Wednesday, April 13, 2005
Beautiful Day
It was windy and chilly today, which made the day glassy clear, and the sunshine warm.
After doing some research, and sending my resume out and answering a few calls (related to work), I went to have a simple lunch (just garlic bread and tomatoe, the Russian Soup was unavailable), and then went to Starbucks where I studied The Elegant Universe.
I'm going to dedicate a page in my diary to New Vocabulary. Krakauer's book stunned me also because he used a lot of words that I haven't seen in a while, some that I have never seen.
Relativity has been interesting. I learned today that gravity moves at lightspeed, and the mechanism, or agent for gravity is movement, or acceleration. It makes sense when you know the answer. For example, if you imagine that the Earth is tethered to the Sun (as a way to visualise gravity), and you imagined the sun exploding, then you'd expect the Earth to immediately sway away, instantaneously and immediately, which would violate the law that says 'nothing moves faster than the speed of light, no object, no force, nothing'. As it turns out, the sun effects the space around it, its mass bends it, and the Earth basically swings around this curvature. Relativity is easy to understand retrospectively (looking back), but is quite mysterious when you are faced with a question like: 'what is the mechanism by which gravity works?', and don't know the answer.
Quantum Mechanics though, has left me feeling dizzy and lightheaded. To put it in layman's terms, Harry Potter and Ron leaving the station by 'entering' the wall at plafrom 9 and a half actually becomes plausible, actually is possible, on a microscopic scale. The author goes so far as to say that if you attempted to walk through a random wall, say in your vicinity, it would be possible eventually, on the scale we are in now, but you'd take a while to pull it off, longer than your lifetime, or the lifetime of the universe, but eventually, you'd get it right.

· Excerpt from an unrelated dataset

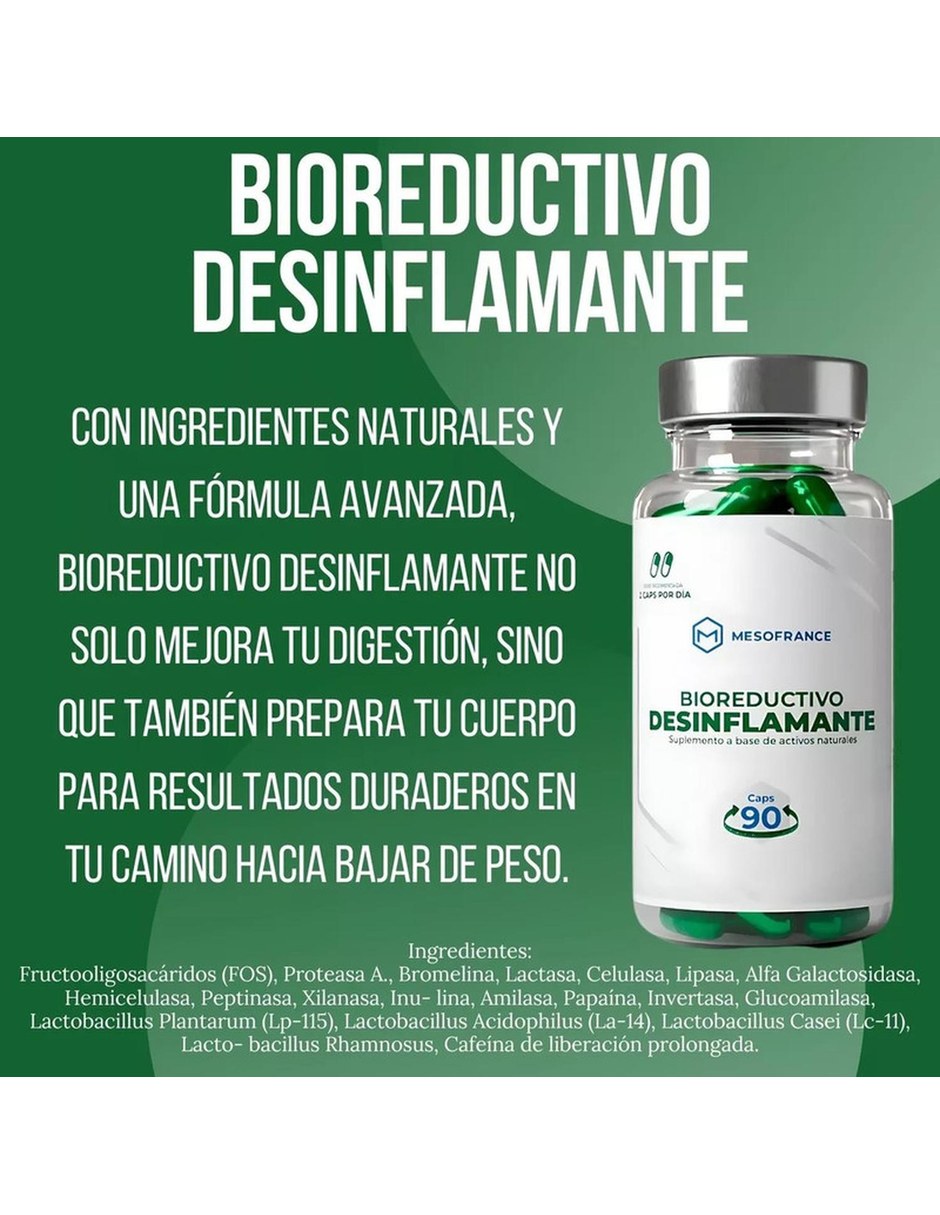 Bioreductivo desinflamante con Mezcla de hierbas de 90 cápsulas 3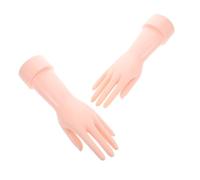 Ipetboom 2pièces Support De Bijoux Forme De Main Présentoir à Anneaux Support Délicat Pour Bijoux Accessoire De Vitrine Pour Montres Et Gants Couleur Peau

As I said, quite hard to figure out.
Having looked at Hitler, Stalin, and then heroic intellectuals and champions, like Einstein, Krakauer, Alexander The Great, I feel like I am trying to understand, and focussing on the qualities that make people great.
I also feel a strange sense of resistance to enter into work, because I think I am loathe to surrender control over my existence. I feel I would far rather be in control, direct my own life, and there are plenty of ideas to employ and develop into a business. Do I therefore lack the wherewithal to do so, do I lack trust in myself, or in my environment?
I have a few different Business Ideas which I need to flesh out, even if just on paper or in my mind, and see where they lead.
Tonight we are having cooked sushi (yup, I know what that sounds like) somewhere in LaFesta with Ashleigh and Ave. Should be good.